Но когда кладешь перед собой старую программку, записи воспоминаний очевидцев и собственные, к счастью, уцелевшие дневники еще и еще раз удивляешься чуткости художника. На этот раз вне всякой опоры на труды исследователей (литературоведческих работ о Есенине не было) он в потоке есенинской поэзии отобрал самое существенное. Не самое «выгодное» для себя как для исполнителя, а самое главное для поэта, художника, философа.

Есенин — философ? В той же мере, в какой можно говорить о Яхонтове, как об исследователе. Поэтическое познание жизни соприкасается с философским. Современная литературоведческая мысль докапывается до философской основы есенинской поэзии. В отборе, расположении и трактовке стихов Яхонтов в свое время обогнал теоретиков, не говоря уже о чтецах, эксплуатировавших лишь самые популярные из есенинских мотивов. Он заглянул гораздо глубже, притронулся к связям Есенина с классической поэзией, с народным творчеством, раскрыл ту «узловую завязь» с природой, которая сегодня изучается как уникальное свойство Есенина и первооснова его поэтического самосознания.

Последнее может удивить. Яхонтов — типично городской житель, представитель городской профессии. Он никогда особенно не тянулся к природе. Его легко представить на подмостках сцены, на Тверском бульваре, на Невском проспекте, но он с трудом вписывается даже в тот волжский пейзаж, который окружал его детство. Есенин, напротив, — весь природа, как сказал Горький, «Не столько человек, сколько орган, созданный природой исключительно… для выражения неисчерпаемой „печали полей“, любви ко всему живому в мире и милосердия». Поэт — посредник между природой и людьми. Артист — тоже своеобразный орган, посредник, инструмент, достоинства которого в передаче чужих звуков как своих собственных. Для Есенина первоисточник и первооснова — природа. Для Яхонтова — сам Есенин, его поэзия. И «городской» человек-артист стал посредником между поэзией Есенина и слушателями.

Он погрузился в эту поэзию как филолог и как музыкант. В рабочей тетради Е. Поповой сохранились его замечания о русских писателях, от Гоголя до Хлебникова и Есенина. О Хлебникове: «В нем порой звучит… струна перуновской лиры, язычество Руси, песни Леля — детство славянских племен». И рядом: «Есенина можно тоже отнести к явлениям перуновской Руси — оттуда ведет свою песню Лель, тянет кудель языческой Руси, хотя и с изыском порой, и хулиганист по-городскому».

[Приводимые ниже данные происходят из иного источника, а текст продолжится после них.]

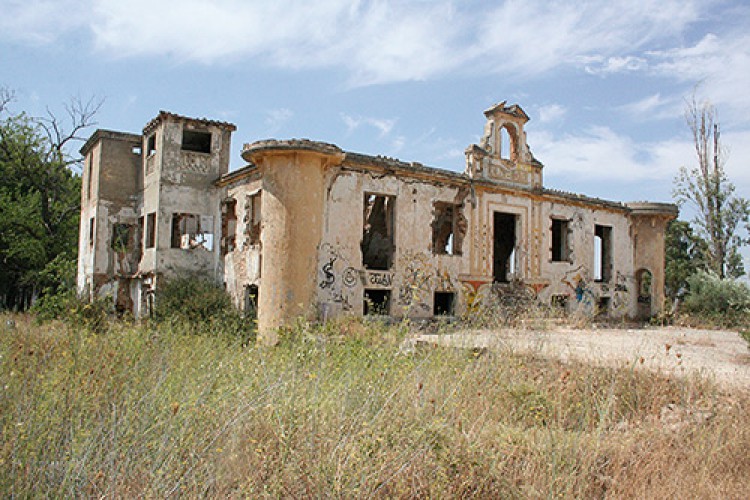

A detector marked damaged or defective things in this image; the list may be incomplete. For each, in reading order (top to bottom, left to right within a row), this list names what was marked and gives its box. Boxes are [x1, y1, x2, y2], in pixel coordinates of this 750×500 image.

Напомним, что Лель в представлении Яхонтова — это не оперное, странно-бесполое существо в локончиках и аккуратных лапоточках, а живой, человеческий тип. Воплощение юношеской силы, погибель и тайная любовь всех женщин, воля, которую не приручишь. Со времен «Снегурочки» Яхонтов полюбил такого Леля, потому и упоминает его. Лель для него — поэт и музыкант, неукротимый и свободный. Кажется невозможным сопоставление Лель — Пугачев, но в «Пугачеве» (не самом популярном, но одном из самых личных есенинских созданий) Яхонтова пленяла та же природа характера.

Лелем прозвали Есенина, когда он появился в петербургских гостиных, очаровав хозяек своими золотыми кудрями и поддевкой. Но так же как эта одежда была стилизацией, благословленной лукавым Клюевым, так прозвище «Лель» явилось сусальной оберткой, не больше.

Ход размышлений Яхонтова не имел отношения ни к какой стилизации. Он был продиктован ощущением уникальности есенинского дара.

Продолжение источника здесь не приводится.